Gosto de escrever. Em tantos momentos até acho que escrevo razoavelmente bem. Noutros fico achando que me embaralho com o tempo dos verbos, com a redundância dos adjetivos, exagero nos sinônimos e tantas vezes escorrego nos pronomes.

Mas no todo, acabo me contentando com o resultado da gramática. Jamais impecável, mas aceitável, sem morder demasiadamente nossa língua. Procuro que meus textos tenham começo, meio e fim, como ensina a técnica de redação. Tento reforçar os argumentos, de forma que minhas opiniões e conceitos sejam convincentes, reafirmando fatos e atos com proposital renitência de adjetivos ou meros sinônimos.
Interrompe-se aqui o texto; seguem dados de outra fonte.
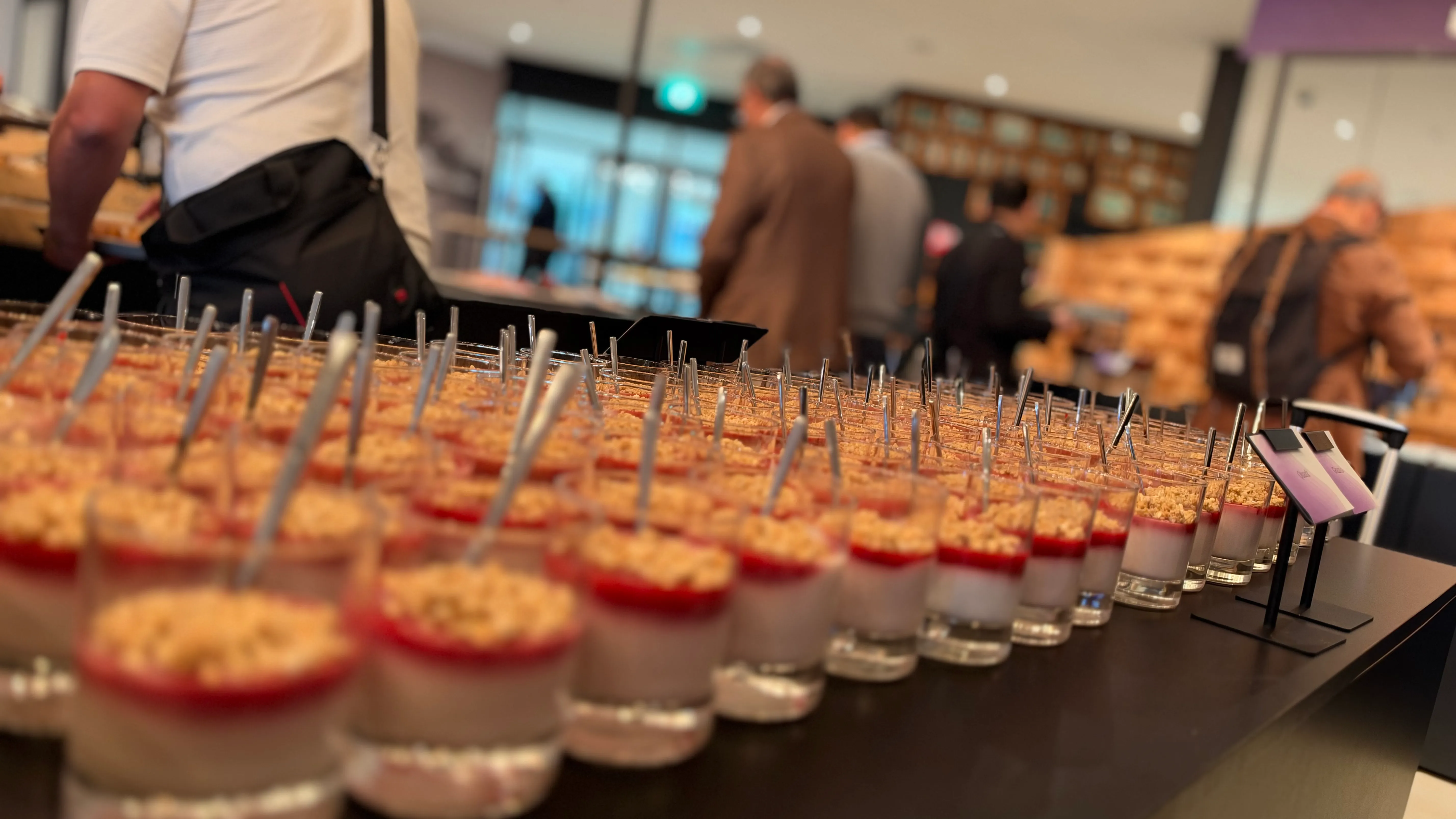 Rows of yoghurt desserts with fruit and granola at the breakfast buffet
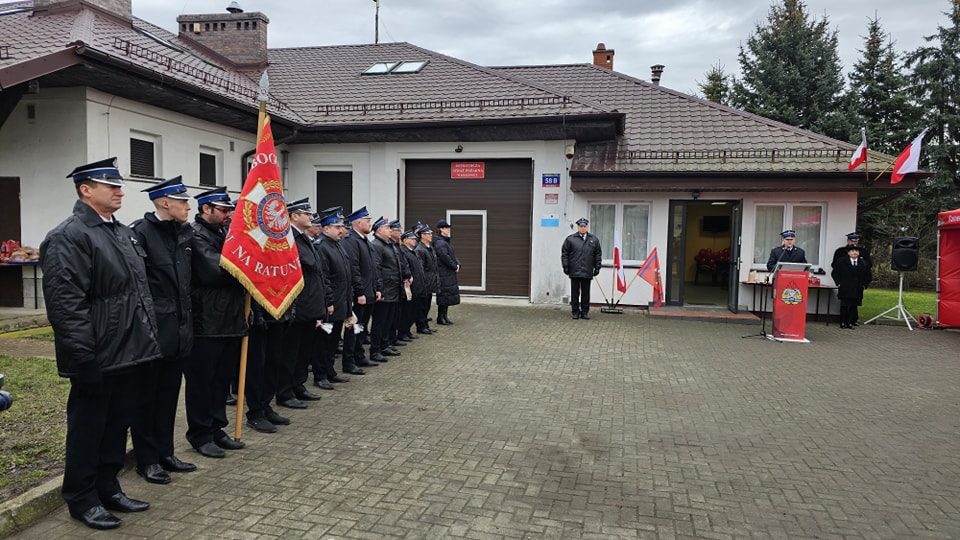 Strażacy stoją w szeregu na placu, przed budynkiem 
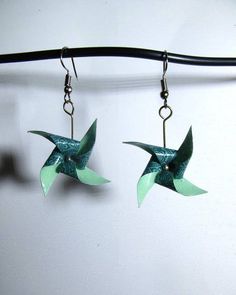 two green origami birds hanging from hooks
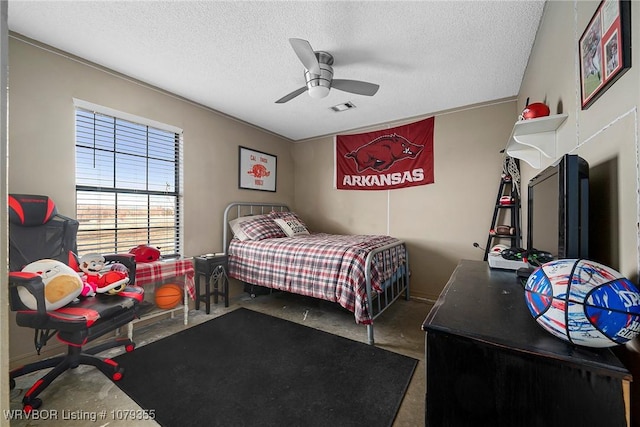 bedroom with ceiling fan, visible vents, concrete flooring, and a textured ceiling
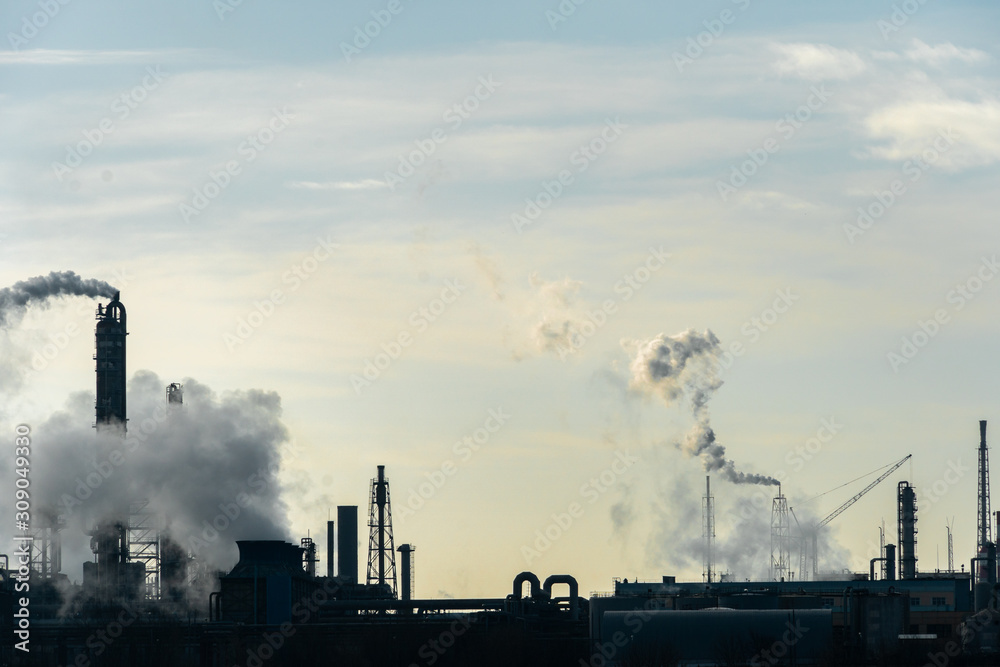 Chemical industry. Environmental pollution by harmful emissions into the atmosphere. Poisonous smoke comes from the big pipes. The factory poisons nature. Silhouette of pipes and smoke. Sunny day.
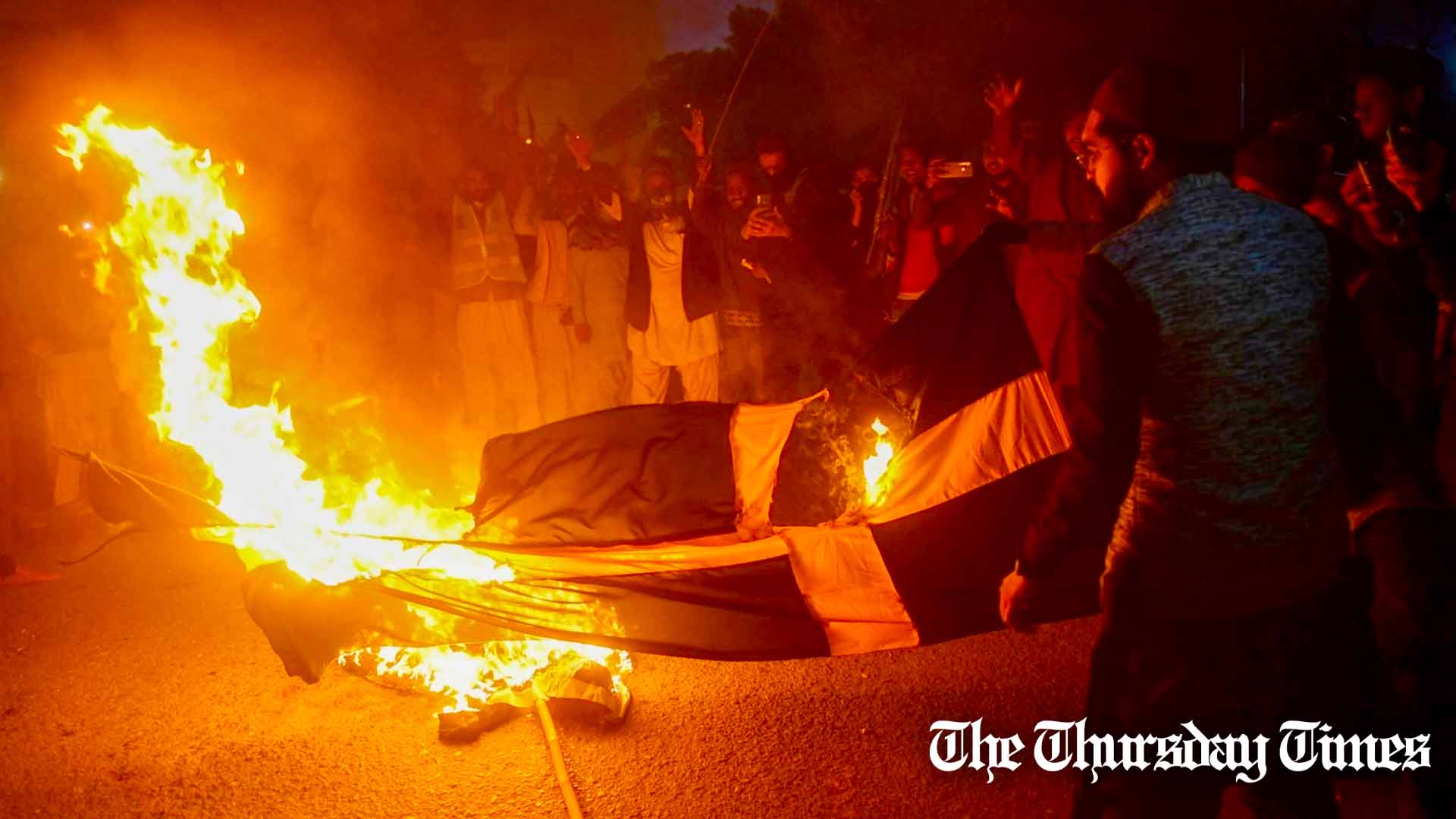 Protesters at Karachi set fire to a Swedish flag as a demonstration against the burning of the Quran in Sweden. — AFP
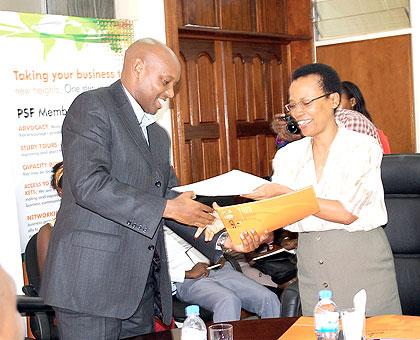 Namara (L) and Mukankomeje exchange the MoU.  The New Times/ T. Kisambira.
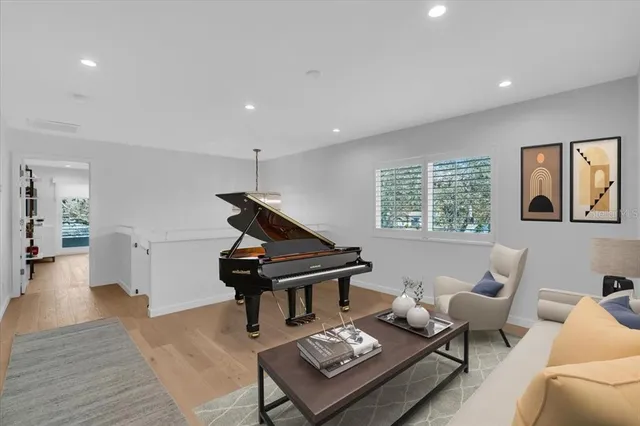 a spacious bedroom with a large bed and a window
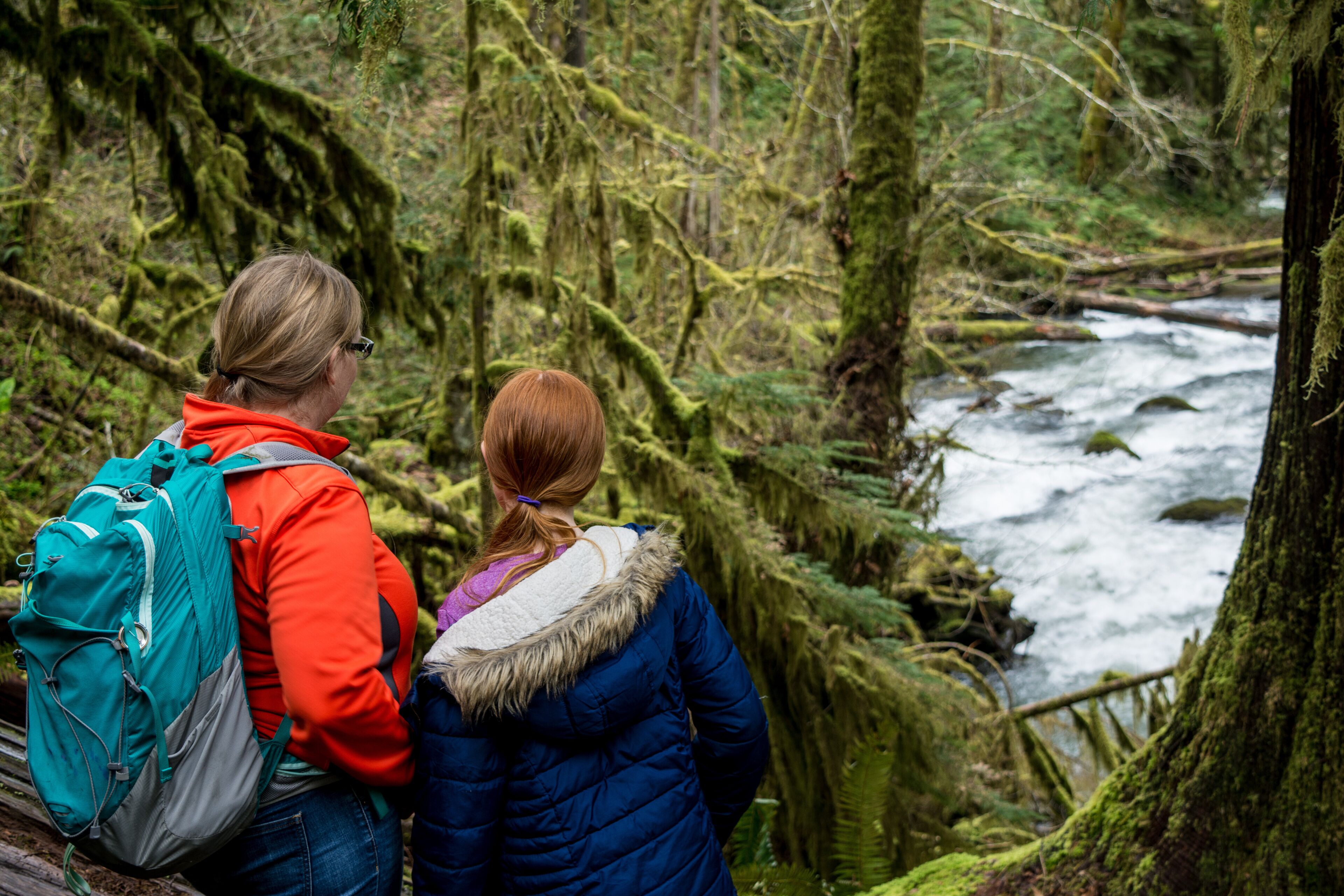 Two people standing by a forested river.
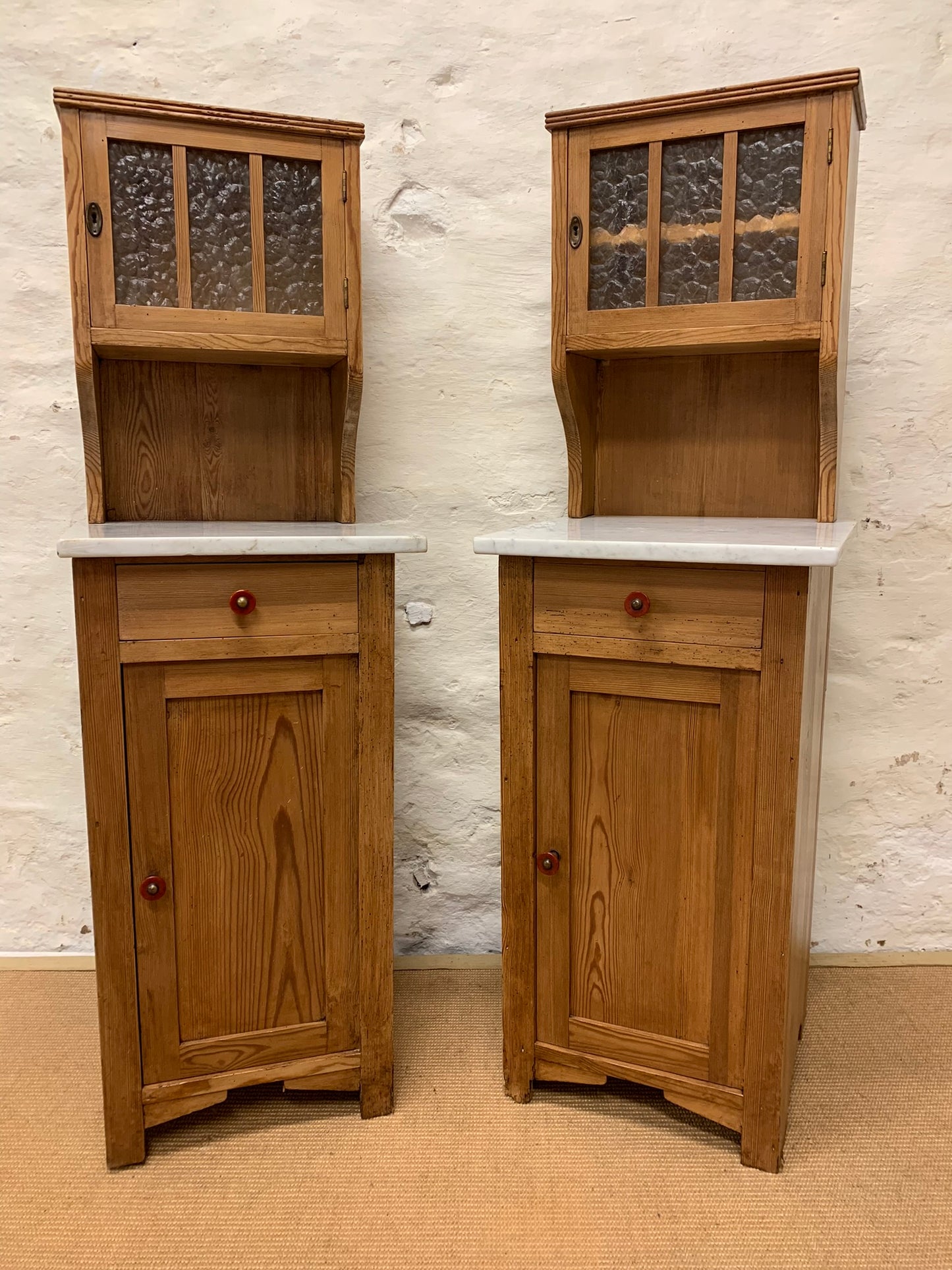 A Pair of Marble Topped Cabinets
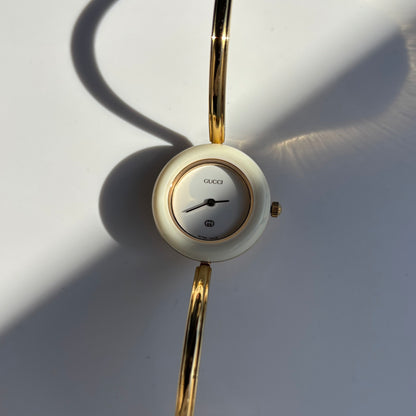 Gucci 1980s Interchangeable Bezel Gold Plated Bangle Watch with 12 bezels, case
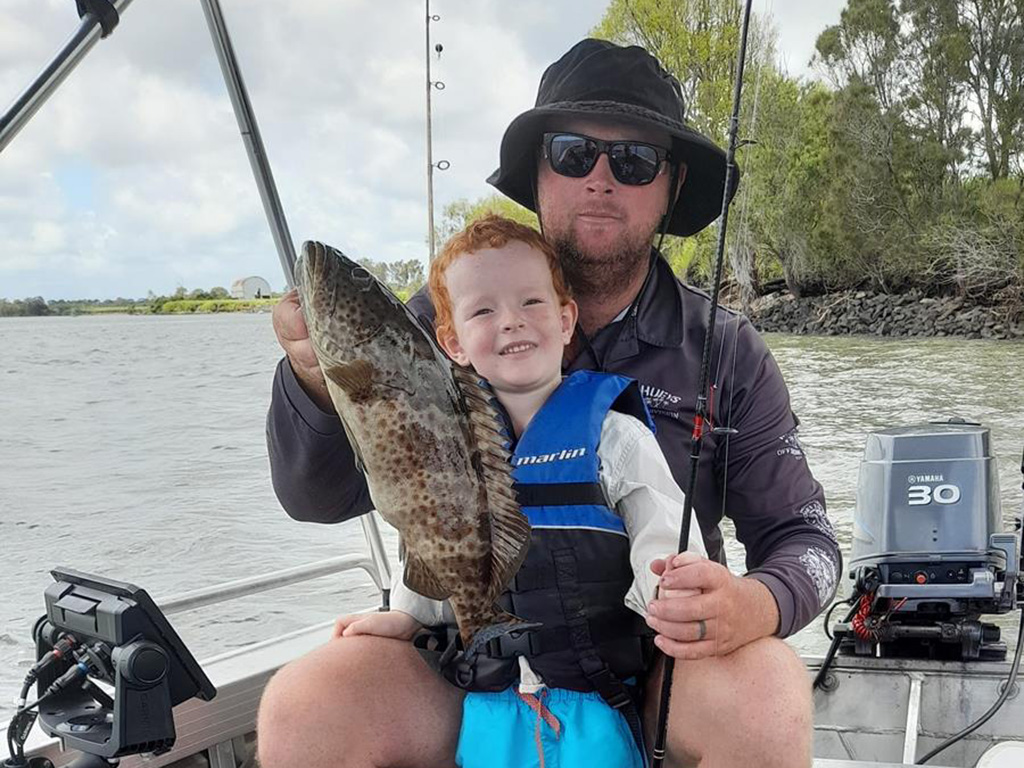 Michael Cogill and his son Jack with a solid estuary cod. quality inshore fishing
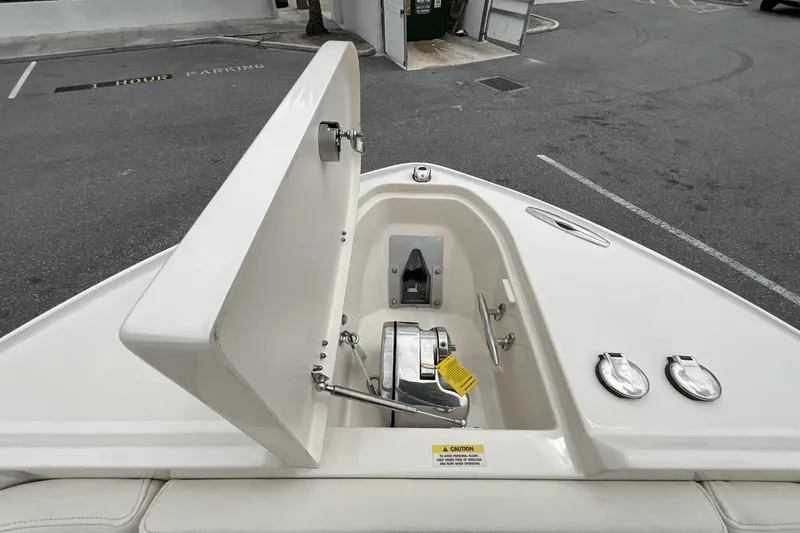 Slide: The Image of 2023 Grady-White Freedom 275 boat anchor compartment open, showing anchor and storage. - 23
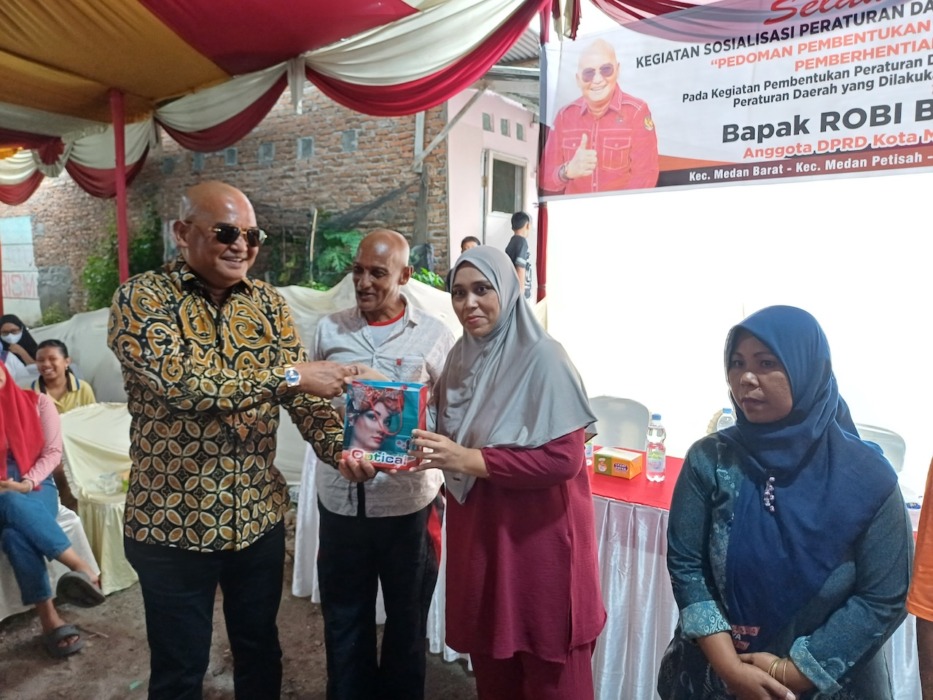 CENDERAMATA: Ketua Fraksi PDI Perjuangan DPRD Kota Medan, Robi Barus SE M.AP memberikan cenderamata kepada warga saat menggelar Sosialisasi Perda Kota Medan No.9 Tahun 2017 di Medan Barat, Minggu (19/4/2026) sore. (Markus Pasaribu/Sumut Pos)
Como minha linha de redação tem uma forte tendência poética, acabo me utilizando, comumentemente, de metáforas, mesmo procurando me policiar para que não sejam usadas exageradamente. Dessa tendência poética, acabo usufruído da facilidade de cria imagens, sempre que estou relatando algo, diferente do que faço agora, que apenas me explico.

Procuro ser claro e fiel no que exponho. Tento seguir um caminho regular, de forma a levar quem me lê, para o mais completo entendimento da mensagem que estou transmitindo. Esmero-me na busca de expressões adequadas para facilitação da interpretação, dando, contudo, ao direito de uma certa dose de requinte, salpicando uma e outra palavra elegante.

Ocorre, porém, que as palavras têm frestas, por onde passam luz ou escuridão; harmonia ou desavenças. Por onde passam rios mansos que descem os montes suavemente, ou ondas revoltas de um mar soprado por ventos teimosos forçados pelas tempestades (cá estou eu me utilizando das metáforas....).

E na medida em que as palavras se acumulam, formando frases, as frestas também se somam e vão formando brechas, nos parágrafos vão se fazendo grotas, ficando o texto a mercê das interpretações mais diversas. Verdade. As palavras têm frestas, os versos, as frases, têm brechas e a imaginação tem asas. As vontades têm tendências, os hábitos formam cicatrizes e as intenções normalmente são pré-concebidas.

Assim é que tudo que escrevo, as interpretações podem e serão diversas, porque as palavras têm frestas, por onde vagam as tantas impressões.